- Short web captions -
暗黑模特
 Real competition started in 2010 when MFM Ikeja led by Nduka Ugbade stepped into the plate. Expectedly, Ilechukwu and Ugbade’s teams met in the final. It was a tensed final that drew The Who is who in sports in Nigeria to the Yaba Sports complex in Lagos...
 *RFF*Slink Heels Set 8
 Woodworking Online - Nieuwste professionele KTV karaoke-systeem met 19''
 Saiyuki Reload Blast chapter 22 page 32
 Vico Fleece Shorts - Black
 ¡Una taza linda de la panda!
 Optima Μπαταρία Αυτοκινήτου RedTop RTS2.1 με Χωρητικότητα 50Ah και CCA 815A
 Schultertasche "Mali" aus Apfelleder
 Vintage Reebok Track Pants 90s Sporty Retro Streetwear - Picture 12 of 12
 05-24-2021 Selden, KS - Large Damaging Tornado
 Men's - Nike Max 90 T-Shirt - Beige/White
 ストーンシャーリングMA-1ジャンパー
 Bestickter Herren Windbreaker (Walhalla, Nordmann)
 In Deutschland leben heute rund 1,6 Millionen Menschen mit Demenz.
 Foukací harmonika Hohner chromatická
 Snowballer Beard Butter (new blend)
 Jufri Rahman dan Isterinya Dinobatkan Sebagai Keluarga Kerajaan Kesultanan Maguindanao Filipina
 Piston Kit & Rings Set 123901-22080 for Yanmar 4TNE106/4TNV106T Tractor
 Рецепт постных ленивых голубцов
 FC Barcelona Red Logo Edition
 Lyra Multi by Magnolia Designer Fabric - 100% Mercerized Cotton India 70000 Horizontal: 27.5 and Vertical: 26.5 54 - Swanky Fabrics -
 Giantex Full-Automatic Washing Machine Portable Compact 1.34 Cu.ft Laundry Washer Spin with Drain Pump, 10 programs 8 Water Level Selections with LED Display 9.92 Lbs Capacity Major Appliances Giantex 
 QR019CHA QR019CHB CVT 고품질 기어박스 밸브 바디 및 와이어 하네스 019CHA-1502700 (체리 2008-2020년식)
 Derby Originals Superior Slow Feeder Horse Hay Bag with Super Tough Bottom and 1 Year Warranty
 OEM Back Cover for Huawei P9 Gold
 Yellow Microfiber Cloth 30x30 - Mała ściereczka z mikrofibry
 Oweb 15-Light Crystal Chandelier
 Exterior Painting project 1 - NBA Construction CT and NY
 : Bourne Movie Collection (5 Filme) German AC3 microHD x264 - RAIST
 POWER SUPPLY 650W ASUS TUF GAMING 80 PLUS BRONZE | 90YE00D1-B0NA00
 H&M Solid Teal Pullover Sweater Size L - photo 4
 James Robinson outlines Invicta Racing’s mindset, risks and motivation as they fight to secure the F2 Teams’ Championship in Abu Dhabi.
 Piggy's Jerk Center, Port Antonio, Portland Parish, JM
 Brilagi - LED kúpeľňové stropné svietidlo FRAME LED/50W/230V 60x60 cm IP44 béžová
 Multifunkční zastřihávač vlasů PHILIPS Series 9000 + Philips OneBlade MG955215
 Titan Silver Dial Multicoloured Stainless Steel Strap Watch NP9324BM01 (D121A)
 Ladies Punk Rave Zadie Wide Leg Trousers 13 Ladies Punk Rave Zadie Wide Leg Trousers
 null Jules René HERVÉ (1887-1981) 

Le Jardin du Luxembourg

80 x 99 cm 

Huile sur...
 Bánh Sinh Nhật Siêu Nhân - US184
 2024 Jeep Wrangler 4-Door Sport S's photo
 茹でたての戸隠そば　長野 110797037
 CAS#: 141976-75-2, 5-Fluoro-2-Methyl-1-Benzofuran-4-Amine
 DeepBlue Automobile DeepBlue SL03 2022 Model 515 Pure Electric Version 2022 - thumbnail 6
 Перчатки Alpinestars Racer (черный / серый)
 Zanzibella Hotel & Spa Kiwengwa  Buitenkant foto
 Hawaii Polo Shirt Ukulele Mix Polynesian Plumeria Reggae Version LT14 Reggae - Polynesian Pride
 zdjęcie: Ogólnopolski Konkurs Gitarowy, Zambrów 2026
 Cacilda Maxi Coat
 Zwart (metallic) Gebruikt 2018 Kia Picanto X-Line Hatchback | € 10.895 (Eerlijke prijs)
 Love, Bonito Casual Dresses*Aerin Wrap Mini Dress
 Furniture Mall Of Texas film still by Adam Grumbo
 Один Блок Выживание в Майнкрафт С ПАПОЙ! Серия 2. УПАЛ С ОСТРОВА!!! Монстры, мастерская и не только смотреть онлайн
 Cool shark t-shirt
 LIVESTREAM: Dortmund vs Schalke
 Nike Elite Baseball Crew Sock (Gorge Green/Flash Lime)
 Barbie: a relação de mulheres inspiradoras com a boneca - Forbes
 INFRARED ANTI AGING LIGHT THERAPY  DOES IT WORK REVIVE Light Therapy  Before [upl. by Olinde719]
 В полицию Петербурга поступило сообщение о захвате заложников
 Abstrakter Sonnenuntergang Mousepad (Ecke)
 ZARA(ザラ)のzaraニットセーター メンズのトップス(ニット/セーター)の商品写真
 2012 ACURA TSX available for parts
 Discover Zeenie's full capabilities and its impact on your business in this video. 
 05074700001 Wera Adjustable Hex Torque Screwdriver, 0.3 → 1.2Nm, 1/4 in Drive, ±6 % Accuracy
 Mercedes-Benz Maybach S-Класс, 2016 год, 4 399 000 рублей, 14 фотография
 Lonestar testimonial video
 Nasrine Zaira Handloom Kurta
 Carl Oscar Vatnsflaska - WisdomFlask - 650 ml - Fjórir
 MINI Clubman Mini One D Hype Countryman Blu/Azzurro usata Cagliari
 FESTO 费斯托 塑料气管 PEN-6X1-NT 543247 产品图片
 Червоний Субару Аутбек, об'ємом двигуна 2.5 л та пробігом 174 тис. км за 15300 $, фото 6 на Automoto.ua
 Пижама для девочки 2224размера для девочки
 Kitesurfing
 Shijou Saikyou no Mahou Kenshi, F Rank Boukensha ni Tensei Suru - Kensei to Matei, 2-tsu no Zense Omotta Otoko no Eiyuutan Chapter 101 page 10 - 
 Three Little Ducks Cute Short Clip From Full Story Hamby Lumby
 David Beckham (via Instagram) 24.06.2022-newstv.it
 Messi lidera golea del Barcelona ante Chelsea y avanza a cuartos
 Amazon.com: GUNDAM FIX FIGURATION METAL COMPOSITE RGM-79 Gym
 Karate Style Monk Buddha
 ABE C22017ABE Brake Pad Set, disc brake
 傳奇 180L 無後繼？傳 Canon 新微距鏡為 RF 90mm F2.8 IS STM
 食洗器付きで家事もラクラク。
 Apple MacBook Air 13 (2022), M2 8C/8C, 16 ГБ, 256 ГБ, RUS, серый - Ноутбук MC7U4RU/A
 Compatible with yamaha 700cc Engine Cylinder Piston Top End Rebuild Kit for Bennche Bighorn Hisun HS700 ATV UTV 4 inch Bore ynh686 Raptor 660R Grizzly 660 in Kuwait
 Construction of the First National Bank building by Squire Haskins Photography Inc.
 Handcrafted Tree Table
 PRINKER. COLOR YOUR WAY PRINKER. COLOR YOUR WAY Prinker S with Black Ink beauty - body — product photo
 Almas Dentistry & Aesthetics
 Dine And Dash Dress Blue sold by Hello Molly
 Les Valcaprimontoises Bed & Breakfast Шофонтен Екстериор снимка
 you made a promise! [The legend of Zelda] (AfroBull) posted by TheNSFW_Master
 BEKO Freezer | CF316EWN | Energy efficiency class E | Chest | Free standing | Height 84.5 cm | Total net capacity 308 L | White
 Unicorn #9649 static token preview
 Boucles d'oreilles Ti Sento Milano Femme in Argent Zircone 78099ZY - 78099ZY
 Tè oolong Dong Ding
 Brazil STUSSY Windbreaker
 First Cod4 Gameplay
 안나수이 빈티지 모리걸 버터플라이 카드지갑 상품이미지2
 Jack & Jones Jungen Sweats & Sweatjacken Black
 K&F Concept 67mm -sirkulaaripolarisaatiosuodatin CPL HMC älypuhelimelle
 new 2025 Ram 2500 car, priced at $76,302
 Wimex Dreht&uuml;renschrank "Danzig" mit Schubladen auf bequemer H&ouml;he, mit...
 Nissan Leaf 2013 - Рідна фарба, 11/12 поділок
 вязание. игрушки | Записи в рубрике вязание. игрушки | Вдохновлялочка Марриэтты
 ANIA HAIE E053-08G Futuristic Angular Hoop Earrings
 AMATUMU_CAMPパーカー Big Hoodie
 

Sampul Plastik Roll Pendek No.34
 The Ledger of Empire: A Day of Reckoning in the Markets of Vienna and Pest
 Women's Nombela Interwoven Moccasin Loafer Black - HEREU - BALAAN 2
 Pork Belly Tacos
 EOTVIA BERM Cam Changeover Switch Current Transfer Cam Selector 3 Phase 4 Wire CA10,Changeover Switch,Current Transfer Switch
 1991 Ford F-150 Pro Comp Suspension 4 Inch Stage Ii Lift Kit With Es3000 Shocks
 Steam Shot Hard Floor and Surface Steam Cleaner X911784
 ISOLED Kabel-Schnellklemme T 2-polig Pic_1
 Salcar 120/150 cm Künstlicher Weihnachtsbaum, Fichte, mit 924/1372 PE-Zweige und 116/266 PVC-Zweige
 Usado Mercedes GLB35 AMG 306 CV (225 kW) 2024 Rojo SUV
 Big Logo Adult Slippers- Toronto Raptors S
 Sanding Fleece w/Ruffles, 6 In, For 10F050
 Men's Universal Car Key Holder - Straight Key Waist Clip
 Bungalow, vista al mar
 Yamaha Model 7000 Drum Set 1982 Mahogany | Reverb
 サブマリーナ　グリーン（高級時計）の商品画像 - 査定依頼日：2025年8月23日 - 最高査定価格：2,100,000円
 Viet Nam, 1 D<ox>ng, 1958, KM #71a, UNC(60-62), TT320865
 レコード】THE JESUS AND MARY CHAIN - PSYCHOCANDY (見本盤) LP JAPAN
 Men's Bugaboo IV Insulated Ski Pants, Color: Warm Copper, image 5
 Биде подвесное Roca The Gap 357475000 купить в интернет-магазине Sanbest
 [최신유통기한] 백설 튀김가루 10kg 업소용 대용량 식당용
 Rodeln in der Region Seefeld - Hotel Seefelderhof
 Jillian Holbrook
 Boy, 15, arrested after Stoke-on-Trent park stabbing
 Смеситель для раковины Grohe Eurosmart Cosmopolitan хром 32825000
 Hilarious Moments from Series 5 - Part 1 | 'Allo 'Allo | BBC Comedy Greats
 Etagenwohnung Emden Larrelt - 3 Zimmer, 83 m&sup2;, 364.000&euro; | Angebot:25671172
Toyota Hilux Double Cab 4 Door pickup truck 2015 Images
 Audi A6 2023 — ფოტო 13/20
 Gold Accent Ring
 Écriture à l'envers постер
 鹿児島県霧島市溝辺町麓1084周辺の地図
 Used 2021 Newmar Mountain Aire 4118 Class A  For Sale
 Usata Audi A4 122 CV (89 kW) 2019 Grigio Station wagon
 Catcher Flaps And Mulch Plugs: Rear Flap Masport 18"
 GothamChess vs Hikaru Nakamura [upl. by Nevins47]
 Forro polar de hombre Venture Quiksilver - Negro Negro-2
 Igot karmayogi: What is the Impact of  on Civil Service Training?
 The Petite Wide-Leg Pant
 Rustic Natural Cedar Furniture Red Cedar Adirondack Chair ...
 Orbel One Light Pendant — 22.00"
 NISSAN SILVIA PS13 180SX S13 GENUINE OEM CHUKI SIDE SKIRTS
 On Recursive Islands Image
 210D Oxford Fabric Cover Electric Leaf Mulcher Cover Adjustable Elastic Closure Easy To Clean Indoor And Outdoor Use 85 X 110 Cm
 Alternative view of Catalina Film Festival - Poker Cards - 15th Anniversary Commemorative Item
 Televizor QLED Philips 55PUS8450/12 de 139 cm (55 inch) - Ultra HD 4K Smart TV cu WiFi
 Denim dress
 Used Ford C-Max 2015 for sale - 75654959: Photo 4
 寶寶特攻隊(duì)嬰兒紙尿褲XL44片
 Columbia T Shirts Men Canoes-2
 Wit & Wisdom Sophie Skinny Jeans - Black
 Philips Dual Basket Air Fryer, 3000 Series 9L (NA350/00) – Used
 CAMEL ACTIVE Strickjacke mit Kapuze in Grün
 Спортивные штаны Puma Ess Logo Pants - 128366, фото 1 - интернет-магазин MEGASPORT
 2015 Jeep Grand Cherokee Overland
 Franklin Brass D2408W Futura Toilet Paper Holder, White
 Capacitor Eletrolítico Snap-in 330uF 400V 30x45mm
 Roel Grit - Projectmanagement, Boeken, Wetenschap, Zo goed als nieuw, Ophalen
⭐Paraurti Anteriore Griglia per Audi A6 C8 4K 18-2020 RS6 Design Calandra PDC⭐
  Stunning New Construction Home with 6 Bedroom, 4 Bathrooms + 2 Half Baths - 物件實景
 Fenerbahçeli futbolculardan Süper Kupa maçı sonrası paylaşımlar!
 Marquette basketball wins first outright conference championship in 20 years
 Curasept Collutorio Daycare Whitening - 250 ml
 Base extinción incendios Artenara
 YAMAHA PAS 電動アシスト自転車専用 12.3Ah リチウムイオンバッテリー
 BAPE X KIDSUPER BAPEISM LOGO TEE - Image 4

- WHAT IS REQUIRED -
What lines in the entries contain "Audi"? Report each one by copying it.

- EXERCISE RESPONSE -
 Audi A6 2023 — ფოტო 13/20
 Usata Audi A4 122 CV (89 kW) 2019 Grigio Station wagon
⭐Paraurti Anteriore Griglia per Audi A6 C8 4K 18-2020 RS6 Design Calandra PDC⭐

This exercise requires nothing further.